世界の幸福度ランキングだと、フィンランドが1位で、デンマークが2位、スイスが3位と続く(ちなみに米国は18位、日本は62位)のであるが、もちろん国籍の価値と同じではない。国籍の価格ランキングは、幸福度のような曖昧で主観的な指標ではなく、世界的な需要の大きさを反映したリアルな価格が露骨につけられるので、ある意味、もっとも信用のできるランキングともいえる。

国によって二重国籍が認められている国と認められていない国があり、認められていないけれど黙認されている国もある。日本は基本的に二重国籍が認められていない国なので、国籍の購入は、現在の日本国籍を手放すことと同義となる。そういう場合は自国よりも価値の低い国籍の購入は、より価値の高い国籍の放棄を意味するため、慎重に考える必要があるだろう。かりに7億5千万円の支払いが余裕でできる立場だったとして、日本国籍を捨てて米国籍を取得する価値があるだろうか。両方の国籍を同時所有できるなら結構だが、どちらか一方ということになると、判断が難しい。「買い」だと思った国籍の評価が後になって下がり、資産が目減りするといったことも、なくはない。

大学でたとえて云えば、慶應義塾大学の学生が東京大学の学籍を取得するために慶應義塾大学の学籍を放棄する、というのはいかにもありそうだが、慶應義塾大学の学籍を捨てて早稲田大学の学籍を取得するのはどうなのか。「こちら」と思って一方を選択しても、時代の中で価値が変動する。スキャンダラスな事件が起こると学籍の値段は暴落し、また持ち直し、順序が入れ替わり、もはや株価と変わらない。


そうなってくるときわめて新自由主義的であり、なおかつSF的な世界になってくる。我々のproperty(属性・所有)が仮にすべて着脱可能・交換可能で、市場経済の中で価格が決められ、「売る」ことも「買う」ことも可能なら、どんな世界になるのだろうか。トヨタのディーラーに行って値札のついた車を購入するのと同じように、婚活を行うにあたって実際に卒業した大学を「下取りに出し」て、もっと立派な〇〇大卒という属性を「購入する」とか、転職活動の際に実際の汚れた経歴を大金払ってきれいにリセットしてから面接に臨むとか、そんな世界。需要の高い属性には高値が付き、需要の低い属性は見向きもされない。金さえあれば何でもできる。そんな状況になったとき、我々が本当に価値を認めていることは何なのか、その価値の順序はどうなのか。市場経済的な原理の中で、それらは数字になって表れてくる。

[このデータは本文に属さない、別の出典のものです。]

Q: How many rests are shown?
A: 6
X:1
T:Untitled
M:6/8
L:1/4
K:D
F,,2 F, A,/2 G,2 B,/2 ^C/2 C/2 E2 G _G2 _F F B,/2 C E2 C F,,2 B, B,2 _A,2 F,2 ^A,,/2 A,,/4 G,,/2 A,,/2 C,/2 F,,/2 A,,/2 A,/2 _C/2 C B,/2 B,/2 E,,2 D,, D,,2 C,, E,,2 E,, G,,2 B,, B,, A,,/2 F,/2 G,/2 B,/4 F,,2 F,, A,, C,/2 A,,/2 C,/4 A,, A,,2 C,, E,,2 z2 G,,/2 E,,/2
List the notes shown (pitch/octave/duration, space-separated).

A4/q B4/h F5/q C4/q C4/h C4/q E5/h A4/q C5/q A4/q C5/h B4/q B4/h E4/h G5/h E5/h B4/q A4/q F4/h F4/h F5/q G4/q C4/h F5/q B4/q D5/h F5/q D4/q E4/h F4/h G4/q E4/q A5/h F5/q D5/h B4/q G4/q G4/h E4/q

そのような世界で、もっとも高価な属性は「若さ」かも知れない。自分自身の価値を知らずに、自分の若さを売り払って後悔する人であふれかえる。大金を手にするが、それと同時にもう若くはない。Yahooオークションで「20歳」が販売され、新規事業の立上げ経験や海外営業経験が販売され、TOEICスコアや公認会計士の資格が取引される。それまで売買の対象ではなく値段もついていなかったものが、売買の対象となることによって、真の価値がはじめて顕在化される。一方で、相対的に価値が下がり、今までの価格が過大評価であったことが明らかになる、という場合もある。

手で触れることのできるモノ(法的には所有権の対象となるような有体物)が相対的に価値を失い、手で触れることのできないプロパティの価値が跳ね上がる。学歴も職歴も国籍も本来は売り買いの対象ではなく、個人の属性情報であるが、これが他者からの需要の高さに応じた値段がつけられ、売り買いの対象となれば、これまでの世界で通常に流通したものとの価格との比較が露骨にできるようになる。

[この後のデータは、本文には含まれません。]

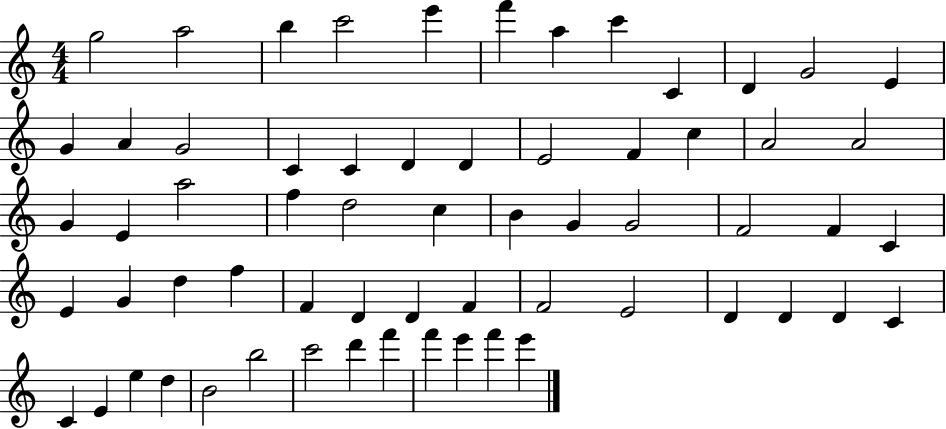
X:1
T:Untitled
M:4/4
L:1/4
K:C
g2 a2 b c'2 e' f' a c' C D G2 E G A G2 C C D D E2 F c A2 A2 G E a2 f d2 c B G G2 F2 F C E G d f F D D F F2 E2 D D D C C E e d B2 b2 c'2 d' f' f' e' f' e'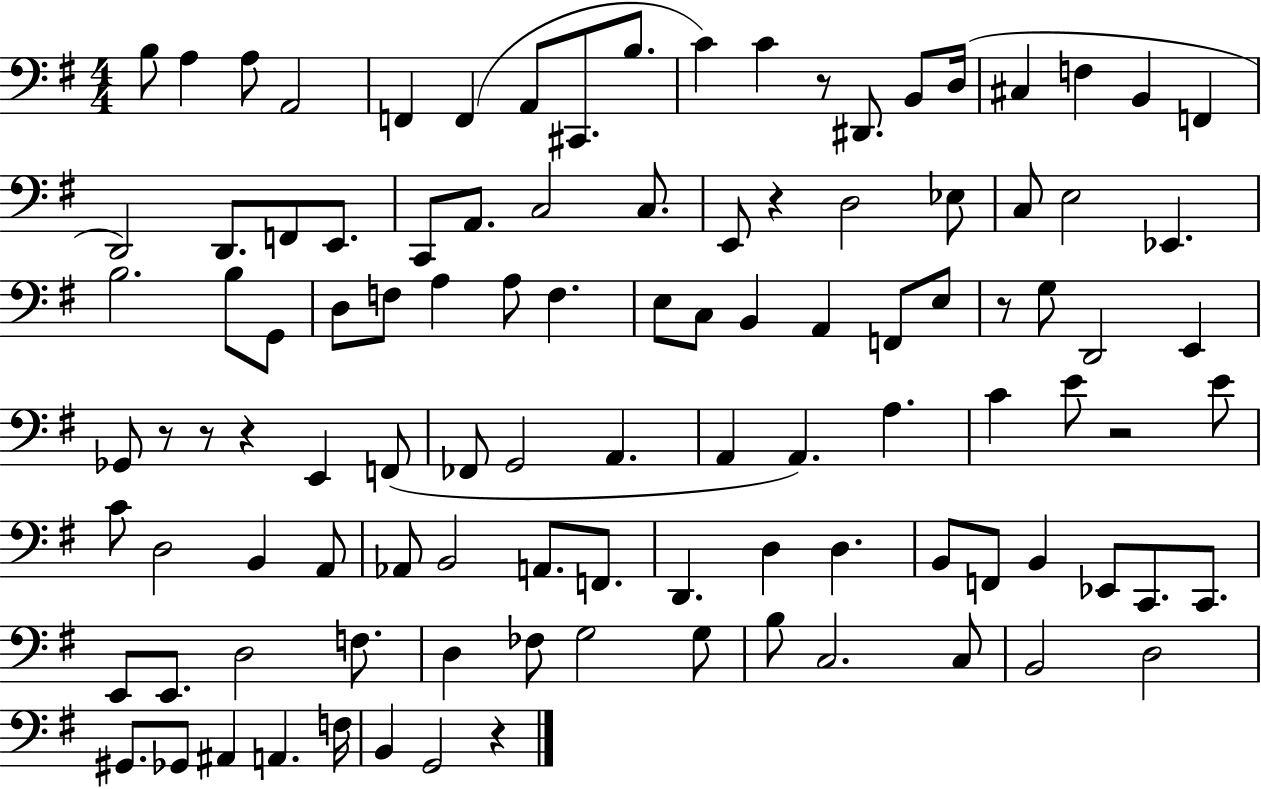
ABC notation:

X:1
T:Untitled
M:4/4
L:1/4
K:G
B,/2 A, A,/2 A,,2 F,, F,, A,,/2 ^C,,/2 B,/2 C C z/2 ^D,,/2 B,,/2 D,/4 ^C, F, B,, F,, D,,2 D,,/2 F,,/2 E,,/2 C,,/2 A,,/2 C,2 C,/2 E,,/2 z D,2 _E,/2 C,/2 E,2 _E,, B,2 B,/2 G,,/2 D,/2 F,/2 A, A,/2 F, E,/2 C,/2 B,, A,, F,,/2 E,/2 z/2 G,/2 D,,2 E,, _G,,/2 z/2 z/2 z E,, F,,/2 _F,,/2 G,,2 A,, A,, A,, A, C E/2 z2 E/2 C/2 D,2 B,, A,,/2 _A,,/2 B,,2 A,,/2 F,,/2 D,, D, D, B,,/2 F,,/2 B,, _E,,/2 C,,/2 C,,/2 E,,/2 E,,/2 D,2 F,/2 D, _F,/2 G,2 G,/2 B,/2 C,2 C,/2 B,,2 D,2 ^G,,/2 _G,,/2 ^A,, A,, F,/4 B,, G,,2 z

ハイブランドのバッグやアクセサリーは、「若さ」につく値段に比べればあまりに安く、それまでの値札が過剰な価値評価だったことが明らかになる。人間の健康や性別・年齢などの属性さえ交換可能で売買される対象となるようなSF的世界が出現するなら、今まで高価だと信じてきたものは実はたいして価値がなく、またそれまで価格設定のなかった自身の経験やスキルに大きな価値が認められたりするかも知れない。あらゆることに値段がついてすべての価値が比較できる世界はたいへんグロテスクではあるものの、そうなってはじめて真の価値が評価できるともいえる。

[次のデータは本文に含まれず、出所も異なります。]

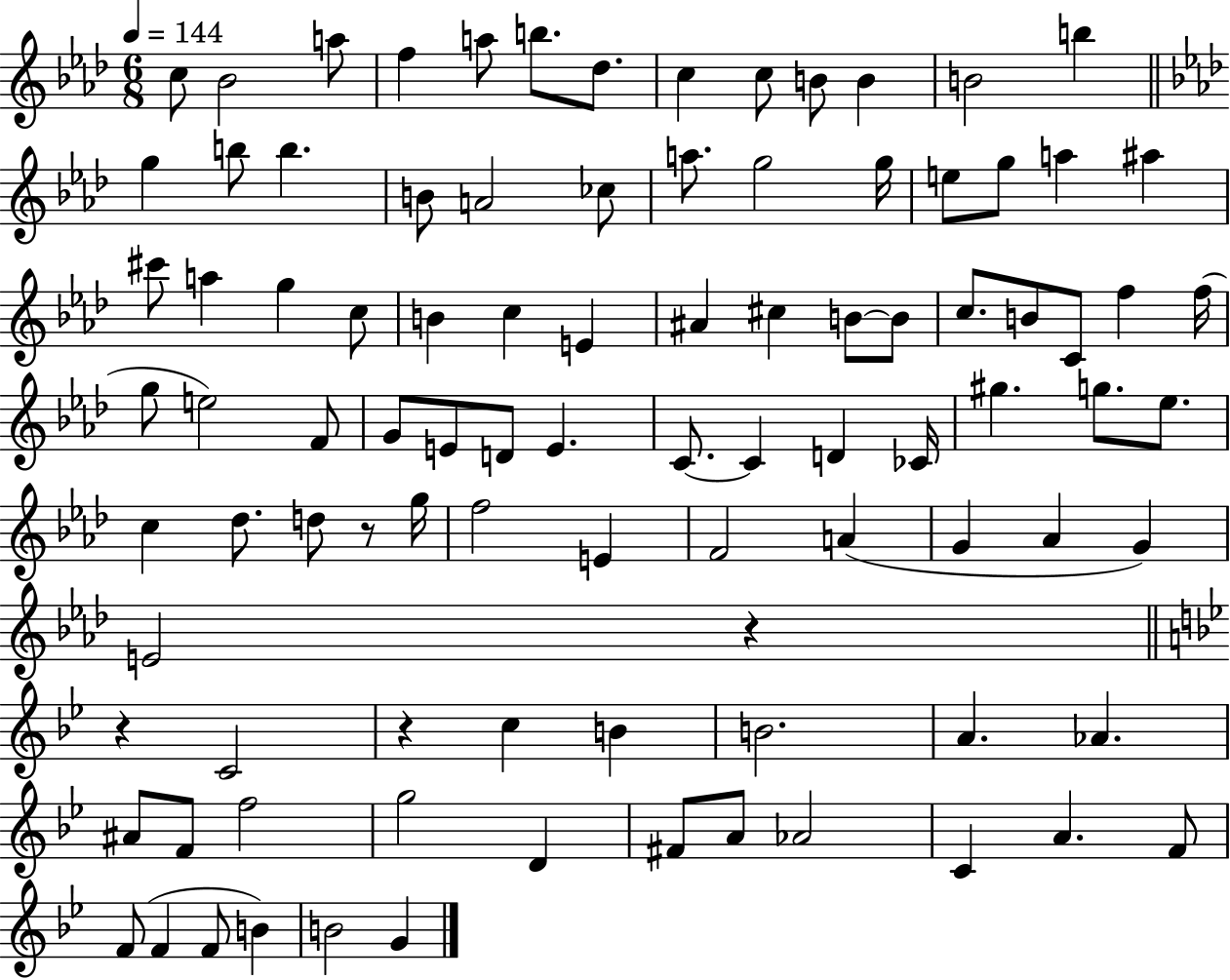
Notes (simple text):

でも現状、我々は属性を売り買いできるSF的世界に住んでいないため、真の価値は評価できない。ものごとの価値判断が妥当ではなく、きわめて貴重で大変価値のあることは気にも留めず、ちっとも価値のないことに固執して奪い合ったり、振りかざして自慢したり、大して価値のないものごとめぐって熾烈な争奪戦を繰り広げているとすれば滑稽だ。